Friday, November 23, 2007

A digithead's to-do list

Programming related stuff I want to learn, if I ever get time.

Thursday, November 22, 2007

More Swing Misery

Making a ListCellRenderer containing a word-wrapping JTextArea is apparently asking for trouble. The root of the problem is that there isn't a specified protocol for the negotiation between container and contained gui components to establish size. What you want here is for the JList to compute its width independent of the JTextAreas in the cells. The JTextAreas get their width from the JList and wrap appropriately. Finally, the JTextAreas now know their heights, so the JList can compute its height.

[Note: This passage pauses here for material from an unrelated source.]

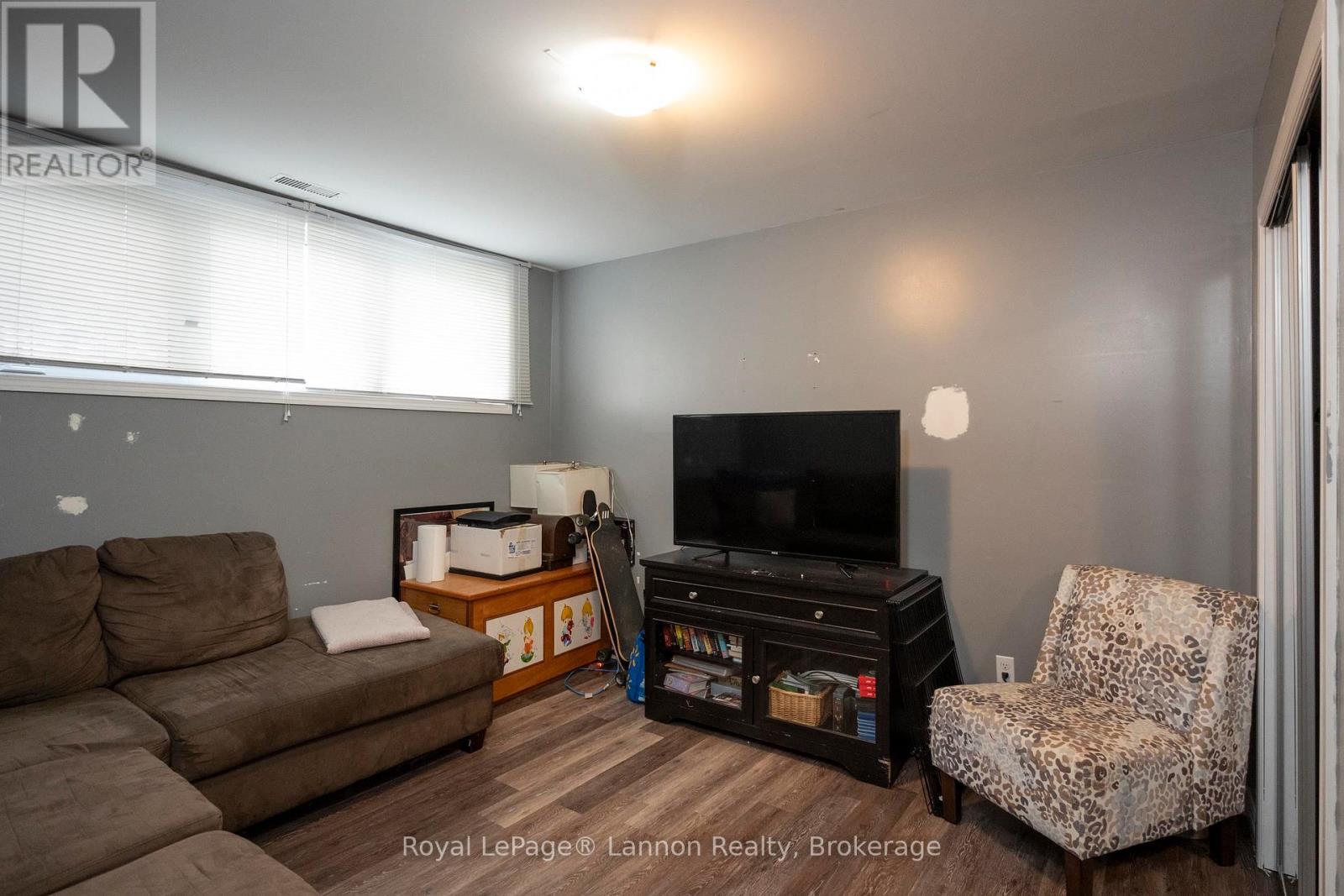 733 Woodcrest Road, Thunder Bay, Ontario  P7G 1J2 - Photo 31 - X13714926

To laugh at my suffering see these forum threads:

Wednesday, November 21, 2007

Cruft and loathing in Java/Swing

Why am I writing a Swing app in 2007? That's what I'm asking myself. It's a conspiracy, I tell you, involving the dreaded secret society the FuglyPLAF Posse. Anyway, onward to more pissing and moaning...
Take the humble MouseEvent (alias java.awt.event.MouseEvent). The integer constants on MouseEvent include:
  • BUTTON1
  • BUTTON1_MASK
  • BUTTON1_DOWN_MASK
BUTTON1 is for use with the getButton() method, which (you'd think) might return the button being pressed when the event was generated. It actually does that on the Apple Java 5 JVM. On the Sun JVMs, apparently, getButton() returns the button "whose state has changed". If you're holding down a mouse button and dragging, getButton() lamely returns zero. Thanks for nothing.
BUTTON1_MASK is for use with getModifiers(). According to the JavaDocs, it's now recommended to use BUTTON1_DOWN_MASK which goes with getModifiersEx().
And, before you can say "Type-safe Enumeration", stop to ponder how many constants are needed to represent mouse buttons. How about none? Wouldn't a plain integer do just fine? How about a boolean function: event.buttonDown(int button)? OK, maybe it's useful to expose the bitmasking of the modifiers to the user, but the resulting mess argues that it would have been more useful not to.
Three different constants for a concept with all the complexity of mouse buttons? I sincerely hope someone was taken out and given an over-the-head turbo-wedgie for that one.